**ASSIGNMENT**
Starting with the line with "Güzlek'te bozulan yolu muhtar düzeltti" in the entries below and going on through the line with "Go ORANGE Team", output every line exactly and nothing more. No pictures.

**DATASET CONTENT**
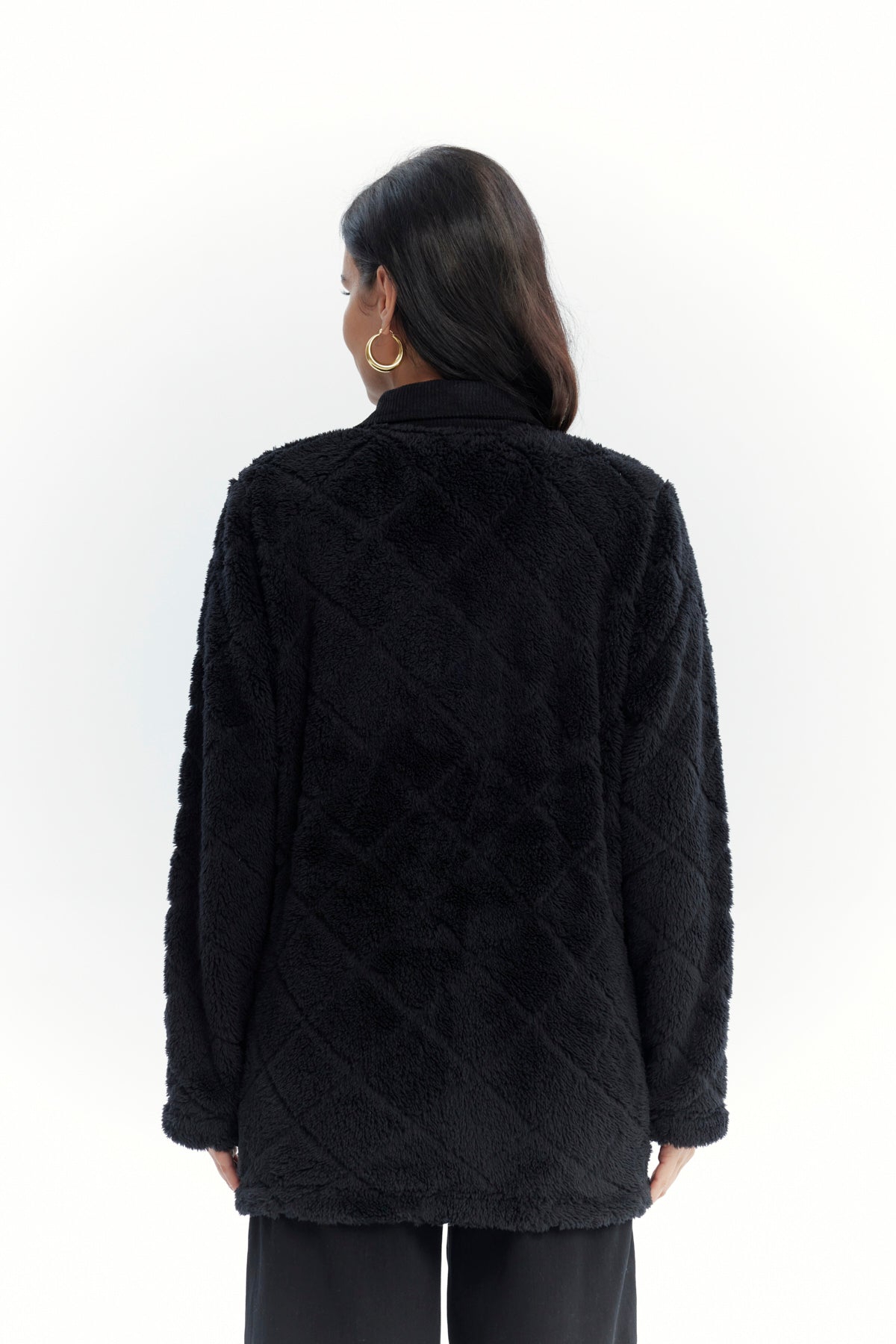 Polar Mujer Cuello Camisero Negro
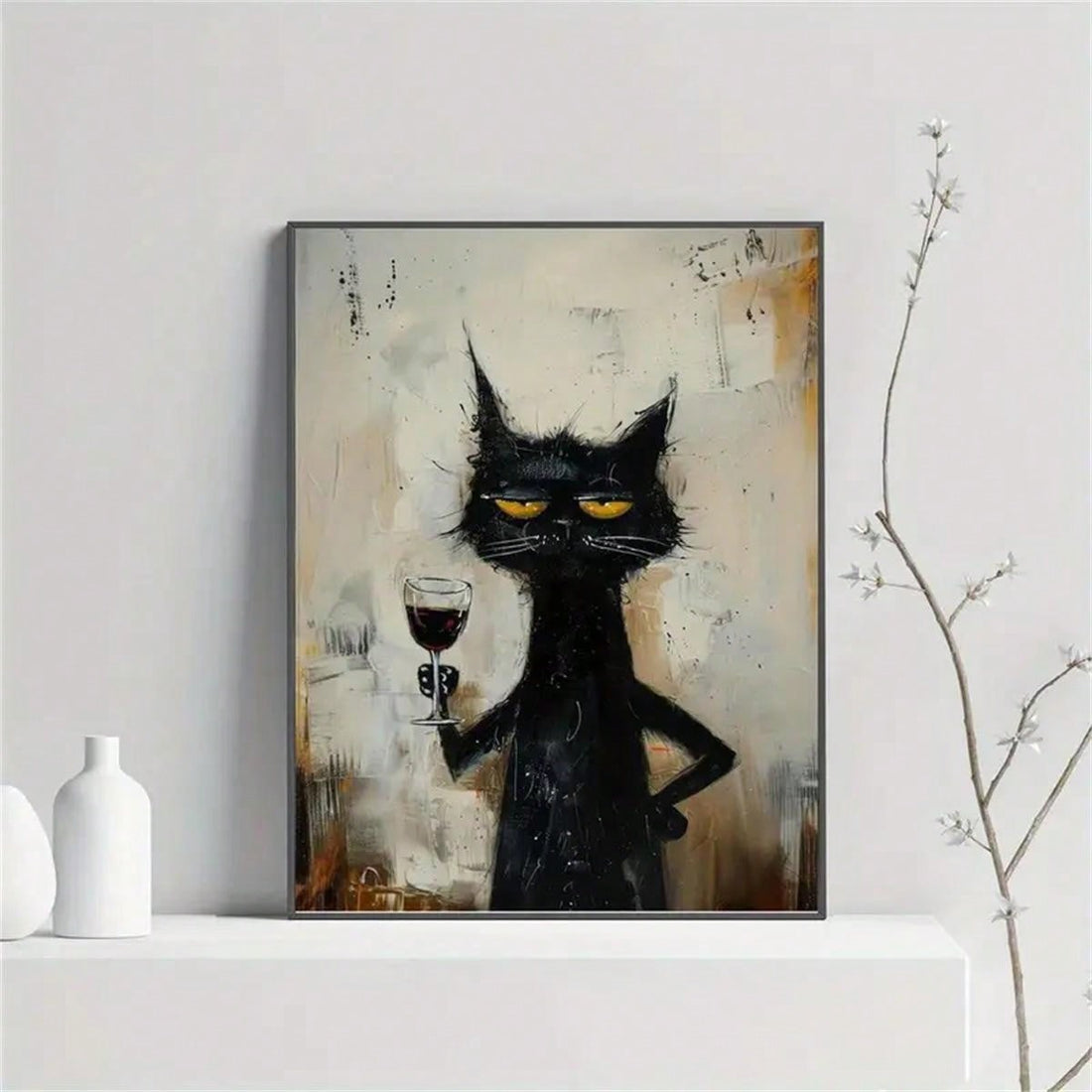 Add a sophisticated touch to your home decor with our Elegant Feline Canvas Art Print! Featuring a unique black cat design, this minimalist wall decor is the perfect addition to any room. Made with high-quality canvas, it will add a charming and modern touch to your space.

---

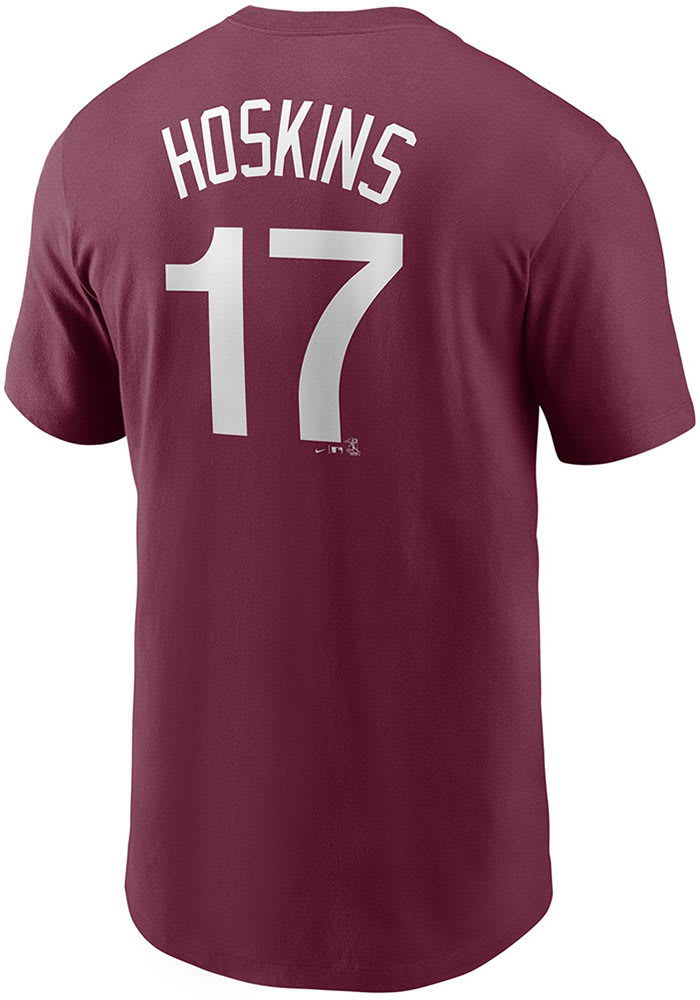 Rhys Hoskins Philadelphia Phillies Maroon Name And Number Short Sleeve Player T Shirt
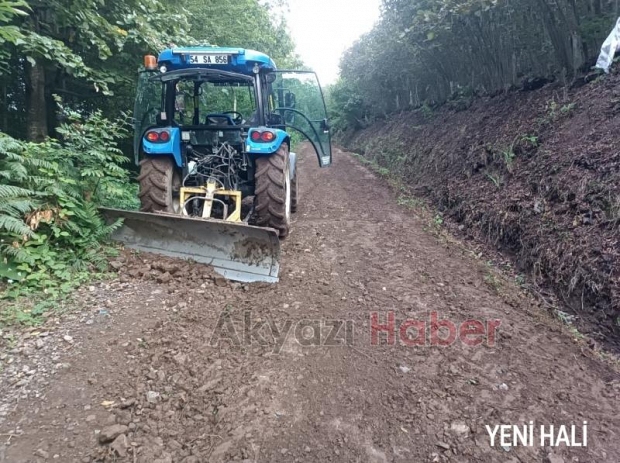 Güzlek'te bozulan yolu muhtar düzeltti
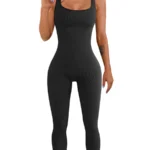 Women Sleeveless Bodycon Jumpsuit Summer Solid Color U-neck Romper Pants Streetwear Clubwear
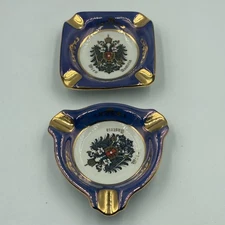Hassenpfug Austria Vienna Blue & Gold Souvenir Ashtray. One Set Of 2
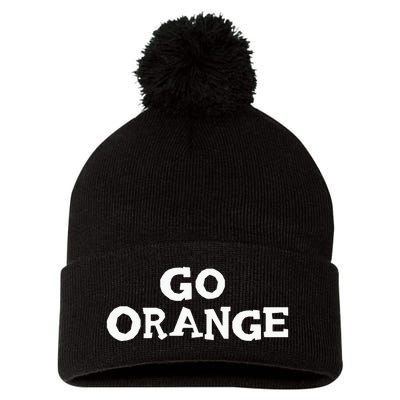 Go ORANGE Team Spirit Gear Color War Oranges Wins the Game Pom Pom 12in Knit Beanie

--

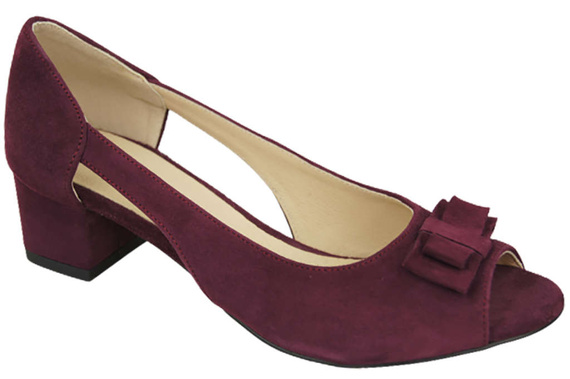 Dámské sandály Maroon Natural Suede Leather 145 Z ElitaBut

**EXERCISE SOLUTION**
 Güzlek'te bozulan yolu muhtar düzeltti
 Women Sleeveless Bodycon Jumpsuit Summer Solid Color U-neck Romper Pants Streetwear Clubwear
Hassenpfug Austria Vienna Blue & Gold Souvenir Ashtray. One Set Of 2
 Go ORANGE Team Spirit Gear Color War Oranges Wins the Game Pom Pom 12in Knit Beanie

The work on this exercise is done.